►

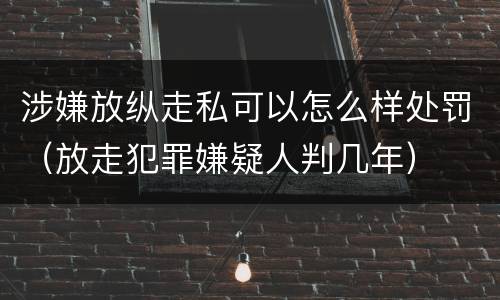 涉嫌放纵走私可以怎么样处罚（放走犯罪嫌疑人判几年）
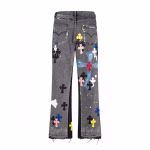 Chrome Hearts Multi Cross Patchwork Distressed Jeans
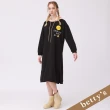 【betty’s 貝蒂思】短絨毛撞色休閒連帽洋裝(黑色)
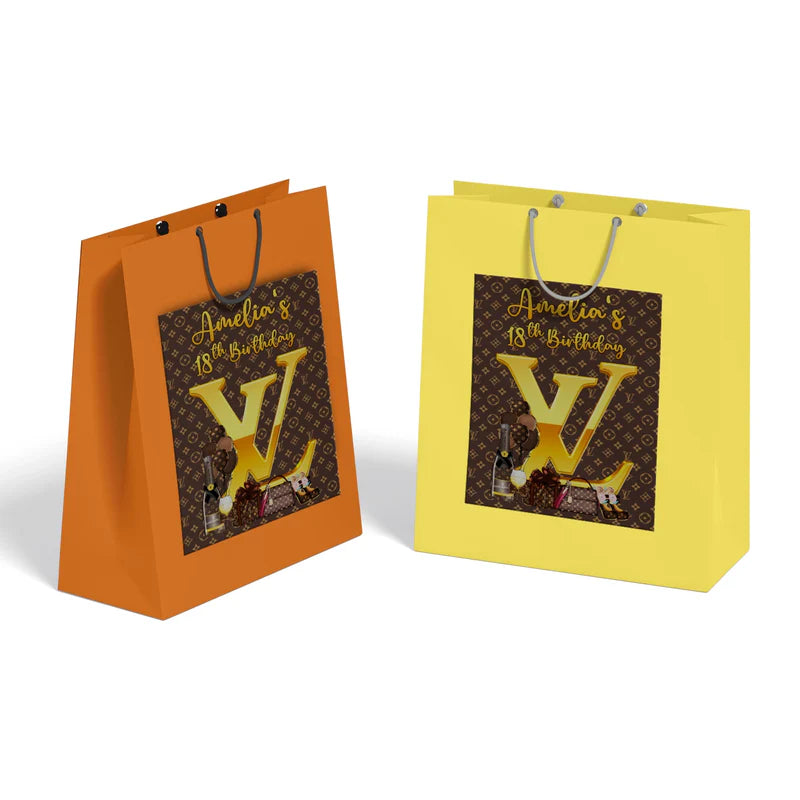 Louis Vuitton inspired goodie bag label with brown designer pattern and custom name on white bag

◄

■ **What is required**:
The answer must be the lines above from the line that contains "Chrome Hearts Multi" to the final line of the data, word for word, with no pictures.

■ **Solution**:
 Chrome Hearts Multi Cross Patchwork Distressed Jeans
 【betty’s 貝蒂思】短絨毛撞色休閒連帽洋裝(黑色)
 Louis Vuitton inspired goodie bag label with brown designer pattern and custom name on white bag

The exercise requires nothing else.